Tom reminded me of his personal complaint about food just not arriving hot. Yes, presentation is not bad but it seems the timing of the food us such that its delivered about 5 minutes later than it should be. And for eggs, thats 5 minutes too late. Still, not bad and we had our choice of the menu, plenty of coffee and a nice serving staff.
It looks like the rest of the day (Tues) we will be riding thru Florida (about 500 miles?) to our final train destination in Fort Lauderdale. Light rain out there. Better now than later on our bikes.
It was a hectic day/week/month getting ready for this bike trip. The key point of failure at this early stage was anything that could go wrong with the train, our chosen means of getting to our starting point in Florida.
Tom, who has ridden trains on other bike adventures, led us to taking the Amtrak as the best way to move the bikes and advertised it as a unique adventure. Having some love for trains since I was a kid and a commuter as an adult bit the bait. We soon discovered that there was a decent priced package to Miami/Ft Lauderdale that included a sleeper car room for 2 and all meals for about $250 each for a one-way. Maybe the only catch was the 27 hours. But hey, I’m retired now so time takes on a new meaning.
The bikes went on at Newark surprisingly easy just hooking them up to the baggage car wall which we witnessed. The awkward part was lugging 5 smallish bags back to the sleeping car, then finding a place for them. My weight of baggage was about 50 lbs or 10 more than planned for. Amtrak tickets say 2 bags not totaling more than 50 lbs. but they clearly are not as anal as the airlines.
There’s this clear difference in train people where sometimes it seems they are too abrupt and expect you to know tbe routine, sometimes extremely friendly and personal and sometimes just a feeling that they don’t like working here, or maybe anywhere. Maybe that’s just what we all feel like sometimes but just don’t express it because for us it would get us fired. I’ll reserve my final opinions for later.

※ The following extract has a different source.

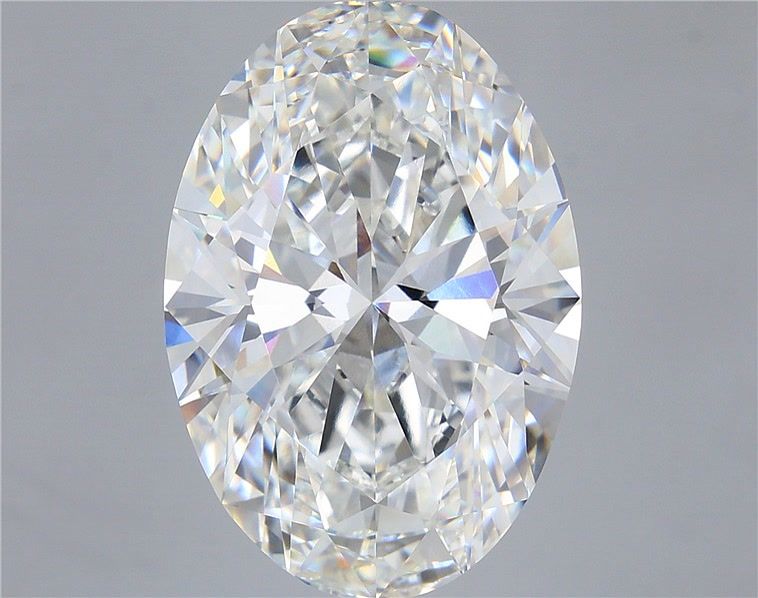 12.04 Carat Oval Shaped, Ideal Cut, F Color, VVS2 Clarity, IGI Certified Lab Grown Diamond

We adjusted to the micro-space of the sleeper car and had dinner in the dining car. We soon met our neighbor cabin across the asile. Paul and Eleanor from Fairfield, CT were a normal looking young senior couple who were very friendly and enjoying the train ride to Ft Lauderdale where they were going to catch a cruise to the Panama Canal. They joined us at dinner and we soon learned that Paul was an expert clock repairman and Eleanor an Exec Assistant in her day. Right now they were considering retirement and enjoying life and they liked train riding. Less hassle.